Le tribunal de commerce de Rouen a accepté une demande de la société Valgo d’ordonner une saisie dans les locaux d’une entreprise concurrente et de permettre l’accès à des communications privées entre cette entreprise et les journalistes des médias  Le Poulpe et Médiapart.  Reporters sans frontières (RSF) dénonce une dérive grave :  le recours au droit commercial pour contourner le droit de la presse.

Le président du tribunal de commerce de Rouen a accepté une demande de la société Valgo de perquisitionner les locaux d’une entreprise concurrente et de permettre l’accès à des communications privées entre cette entreprise et les journalistes des médias Le Poulpe et de son partenaire Médiapart.

“RSF dénonce la décision du président du tribunal de commerce d'autoriser une telle perquisition. Le tribunal a accepté de se laisser instrumentaliser par la société Valgo qui entend retrouver des correspondances entre une (ou plusieurs) société concurrente et des journalistes. Une telle pratique est en contradiction flagrante avec les principes du droit de la presse, et vient illustrer la dérive croissante du recours au droit commercial pour le contourner.

Christophe Deloire
Directeur général de Reporters sans frontières (RSF)

En 2022, Le Poulpe, journal d’investigation normand publie une enquête sur un chantier de dépollution effectué par l'entreprise Valgo. La série d’articles remet en cause les pratiques de celle-ci à propos du traitement des hydrocarbures ou de l'amiante restés sur le site de l’ancienne raffinerie Petroplus.

La société incriminée soupçonne l’entreprise concurrente, Troletti TP, désormais propriété du groupe de BTP Lhotellier, d’être à l’origine des révélations transmises par le média. Arguant d’une “concurrence déloyale par dénigrement”, Valgo saisit le président du tribunal de commerce de Rouen pour requérir, hors de toute procédure contradictoire,  une action d’huissiers au sein de l’entreprise Troletti TP (une “perquisition civile”).

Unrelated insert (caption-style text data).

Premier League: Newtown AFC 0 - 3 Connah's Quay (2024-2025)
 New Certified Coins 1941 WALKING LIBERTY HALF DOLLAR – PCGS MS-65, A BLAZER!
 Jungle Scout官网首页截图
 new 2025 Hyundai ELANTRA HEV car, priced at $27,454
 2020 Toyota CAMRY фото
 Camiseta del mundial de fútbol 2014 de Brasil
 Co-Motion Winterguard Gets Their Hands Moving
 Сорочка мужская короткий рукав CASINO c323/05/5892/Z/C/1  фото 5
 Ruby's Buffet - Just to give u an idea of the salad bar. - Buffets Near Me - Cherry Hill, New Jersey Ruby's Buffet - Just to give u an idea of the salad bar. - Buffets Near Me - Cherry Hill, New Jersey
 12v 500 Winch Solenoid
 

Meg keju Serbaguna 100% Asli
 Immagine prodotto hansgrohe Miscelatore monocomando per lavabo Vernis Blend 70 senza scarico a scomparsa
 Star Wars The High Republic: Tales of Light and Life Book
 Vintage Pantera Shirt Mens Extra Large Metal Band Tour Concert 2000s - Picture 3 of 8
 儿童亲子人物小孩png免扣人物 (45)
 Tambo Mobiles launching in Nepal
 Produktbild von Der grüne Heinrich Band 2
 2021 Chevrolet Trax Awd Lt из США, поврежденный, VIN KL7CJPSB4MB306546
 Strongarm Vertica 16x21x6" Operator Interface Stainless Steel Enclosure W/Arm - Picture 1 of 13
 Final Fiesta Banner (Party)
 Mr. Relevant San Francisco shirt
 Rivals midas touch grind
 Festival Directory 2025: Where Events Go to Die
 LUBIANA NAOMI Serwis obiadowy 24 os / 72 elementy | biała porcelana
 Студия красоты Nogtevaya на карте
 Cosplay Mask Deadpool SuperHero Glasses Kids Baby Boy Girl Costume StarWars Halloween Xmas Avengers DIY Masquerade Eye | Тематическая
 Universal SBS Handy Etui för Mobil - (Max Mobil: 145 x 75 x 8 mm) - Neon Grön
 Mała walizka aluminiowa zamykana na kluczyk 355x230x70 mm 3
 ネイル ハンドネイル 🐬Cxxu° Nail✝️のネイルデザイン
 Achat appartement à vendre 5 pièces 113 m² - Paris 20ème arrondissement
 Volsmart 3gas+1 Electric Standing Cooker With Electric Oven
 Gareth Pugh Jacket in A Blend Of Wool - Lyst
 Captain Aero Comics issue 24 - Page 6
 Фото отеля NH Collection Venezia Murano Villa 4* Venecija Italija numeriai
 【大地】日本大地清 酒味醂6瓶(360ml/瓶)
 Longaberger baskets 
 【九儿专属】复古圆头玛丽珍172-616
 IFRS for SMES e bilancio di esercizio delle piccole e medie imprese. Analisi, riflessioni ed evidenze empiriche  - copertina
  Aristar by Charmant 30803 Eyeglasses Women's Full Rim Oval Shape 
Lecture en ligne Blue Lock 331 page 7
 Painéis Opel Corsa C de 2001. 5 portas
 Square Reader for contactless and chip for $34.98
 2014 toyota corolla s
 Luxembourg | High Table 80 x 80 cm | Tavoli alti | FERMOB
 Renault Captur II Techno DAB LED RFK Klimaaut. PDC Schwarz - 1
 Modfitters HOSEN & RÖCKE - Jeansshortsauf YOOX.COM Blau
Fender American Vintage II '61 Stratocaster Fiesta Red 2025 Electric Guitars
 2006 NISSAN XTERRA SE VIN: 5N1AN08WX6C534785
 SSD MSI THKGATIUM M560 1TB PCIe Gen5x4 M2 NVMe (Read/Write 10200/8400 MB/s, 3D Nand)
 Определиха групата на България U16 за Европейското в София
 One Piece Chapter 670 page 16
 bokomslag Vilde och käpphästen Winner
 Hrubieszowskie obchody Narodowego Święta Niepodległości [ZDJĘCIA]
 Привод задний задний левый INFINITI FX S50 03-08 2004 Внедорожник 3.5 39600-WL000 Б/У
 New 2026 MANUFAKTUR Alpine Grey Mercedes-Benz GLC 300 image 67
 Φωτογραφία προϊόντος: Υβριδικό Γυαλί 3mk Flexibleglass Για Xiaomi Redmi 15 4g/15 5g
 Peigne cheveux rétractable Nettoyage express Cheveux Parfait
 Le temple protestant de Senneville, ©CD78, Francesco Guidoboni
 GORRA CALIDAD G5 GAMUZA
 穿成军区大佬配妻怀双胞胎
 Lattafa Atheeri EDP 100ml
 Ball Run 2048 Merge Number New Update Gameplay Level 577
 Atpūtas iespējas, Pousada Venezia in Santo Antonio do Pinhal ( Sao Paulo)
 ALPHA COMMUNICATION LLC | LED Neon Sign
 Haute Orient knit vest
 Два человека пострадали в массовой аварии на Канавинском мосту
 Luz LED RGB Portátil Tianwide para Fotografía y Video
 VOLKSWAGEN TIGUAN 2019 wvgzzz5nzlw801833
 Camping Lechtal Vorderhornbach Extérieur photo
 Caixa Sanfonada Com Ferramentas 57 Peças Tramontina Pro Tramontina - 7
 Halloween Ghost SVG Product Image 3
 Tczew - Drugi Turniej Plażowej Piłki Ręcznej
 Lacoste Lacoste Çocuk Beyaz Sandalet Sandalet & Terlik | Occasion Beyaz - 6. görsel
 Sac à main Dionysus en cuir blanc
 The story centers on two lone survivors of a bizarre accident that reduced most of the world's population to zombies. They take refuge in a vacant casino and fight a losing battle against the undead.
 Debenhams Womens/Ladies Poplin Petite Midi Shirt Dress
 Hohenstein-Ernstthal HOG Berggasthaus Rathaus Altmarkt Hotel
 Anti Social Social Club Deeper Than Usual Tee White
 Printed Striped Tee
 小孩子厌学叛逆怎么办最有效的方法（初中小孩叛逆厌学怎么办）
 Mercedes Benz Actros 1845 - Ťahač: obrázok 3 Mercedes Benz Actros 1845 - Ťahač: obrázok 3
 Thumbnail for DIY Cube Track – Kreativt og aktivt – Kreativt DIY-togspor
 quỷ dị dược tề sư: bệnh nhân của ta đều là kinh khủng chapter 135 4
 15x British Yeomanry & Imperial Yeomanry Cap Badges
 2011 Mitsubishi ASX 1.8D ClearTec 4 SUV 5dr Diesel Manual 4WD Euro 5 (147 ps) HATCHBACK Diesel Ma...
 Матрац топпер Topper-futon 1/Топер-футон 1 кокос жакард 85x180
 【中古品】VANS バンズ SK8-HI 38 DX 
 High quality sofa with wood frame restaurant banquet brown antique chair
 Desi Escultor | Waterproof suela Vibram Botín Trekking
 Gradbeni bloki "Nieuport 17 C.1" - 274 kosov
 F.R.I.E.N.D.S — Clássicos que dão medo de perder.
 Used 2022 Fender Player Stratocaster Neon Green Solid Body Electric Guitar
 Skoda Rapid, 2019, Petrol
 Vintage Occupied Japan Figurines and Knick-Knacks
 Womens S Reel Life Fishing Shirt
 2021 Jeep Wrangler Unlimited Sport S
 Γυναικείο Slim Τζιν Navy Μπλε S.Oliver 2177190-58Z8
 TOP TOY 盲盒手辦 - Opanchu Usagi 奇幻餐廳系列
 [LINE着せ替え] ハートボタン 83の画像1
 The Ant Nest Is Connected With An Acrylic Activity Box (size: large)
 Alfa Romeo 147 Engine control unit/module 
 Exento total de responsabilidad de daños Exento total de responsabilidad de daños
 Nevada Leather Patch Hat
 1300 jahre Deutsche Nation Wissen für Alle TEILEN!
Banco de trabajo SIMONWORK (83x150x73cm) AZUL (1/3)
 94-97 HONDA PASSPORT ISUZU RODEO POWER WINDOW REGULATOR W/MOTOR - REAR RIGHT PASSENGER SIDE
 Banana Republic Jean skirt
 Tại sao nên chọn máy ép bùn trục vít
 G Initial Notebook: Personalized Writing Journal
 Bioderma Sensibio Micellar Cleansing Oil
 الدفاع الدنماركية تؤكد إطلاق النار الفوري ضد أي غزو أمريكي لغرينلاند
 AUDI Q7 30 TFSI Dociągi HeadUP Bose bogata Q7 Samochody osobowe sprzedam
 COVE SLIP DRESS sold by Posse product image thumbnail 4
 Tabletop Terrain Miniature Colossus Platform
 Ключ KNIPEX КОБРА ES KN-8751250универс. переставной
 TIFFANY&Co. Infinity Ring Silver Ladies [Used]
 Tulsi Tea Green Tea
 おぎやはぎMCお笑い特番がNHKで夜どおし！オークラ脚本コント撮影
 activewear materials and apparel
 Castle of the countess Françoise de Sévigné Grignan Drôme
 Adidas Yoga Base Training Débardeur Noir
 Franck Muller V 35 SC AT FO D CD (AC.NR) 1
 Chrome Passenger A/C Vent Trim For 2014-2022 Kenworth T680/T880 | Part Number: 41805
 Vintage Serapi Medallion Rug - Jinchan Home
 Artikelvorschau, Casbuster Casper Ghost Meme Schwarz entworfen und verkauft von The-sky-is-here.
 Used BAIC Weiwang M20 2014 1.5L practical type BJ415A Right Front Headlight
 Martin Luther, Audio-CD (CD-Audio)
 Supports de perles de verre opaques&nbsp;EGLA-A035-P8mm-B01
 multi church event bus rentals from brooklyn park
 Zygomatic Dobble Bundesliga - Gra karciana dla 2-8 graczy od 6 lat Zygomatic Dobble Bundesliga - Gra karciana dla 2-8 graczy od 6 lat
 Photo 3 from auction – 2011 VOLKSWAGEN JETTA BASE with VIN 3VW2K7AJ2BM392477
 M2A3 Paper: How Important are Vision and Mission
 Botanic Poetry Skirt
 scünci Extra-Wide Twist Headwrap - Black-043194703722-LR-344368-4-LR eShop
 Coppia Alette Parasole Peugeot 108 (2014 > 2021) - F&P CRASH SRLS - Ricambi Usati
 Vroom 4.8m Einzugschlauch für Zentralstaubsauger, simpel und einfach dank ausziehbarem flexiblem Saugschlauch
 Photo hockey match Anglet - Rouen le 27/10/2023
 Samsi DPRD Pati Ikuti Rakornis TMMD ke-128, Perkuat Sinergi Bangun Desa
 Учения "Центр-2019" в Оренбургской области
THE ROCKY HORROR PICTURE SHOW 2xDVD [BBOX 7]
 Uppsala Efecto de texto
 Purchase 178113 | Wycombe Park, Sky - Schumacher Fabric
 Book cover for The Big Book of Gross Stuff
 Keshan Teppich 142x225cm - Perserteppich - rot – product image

Répondant favorablement à cette demande, le tribunal ordonne, dans un texte officiel du 29 septembre 2022, une saisie de “l’ensemble des correspondances” entre Troletti TP et plusieurs journalistes nommément visés, à savoir : la journaliste Laurence Delleure, à l’origine de l'enquête, le cofondateur du Poulpe, Gilles Triollier, et le président de Médiapart Edwy Plenel.

Selon les informations du Poulpe, un huissier accompagné d’un expert informatique et de policiers s'est effectivement déplacé le 28 novembre dans les locaux de la société Troletti TP : « L’huissier a regardé à l’intérieur de plusieurs ordinateurs, il a pris quelques mails. Sa mission a duré environ deux heures ».

Valgo a formulé une nouvelle demande au tribunal, au terme d’une procédure contradictoire, pour avoir accès aux documents saisis mis sous séquestre par l’huissier. Ni Valgo, ni Troletti TP, ni le tribunal ne répondent aux interrogations du Poulpe. RSF n’a pas réussi à obtenir de clarification de leur part à propos de ce que sont devenus les documents saisis. Si une telle demande devait être formulée par Valgo, RSF ne peut qu’appeler Troletti TP de s’y opposer.

Selon le Classement mondial de la liberté de la presse établi par RSF en 2023, la France se situe à la 24e place sur 180 pays.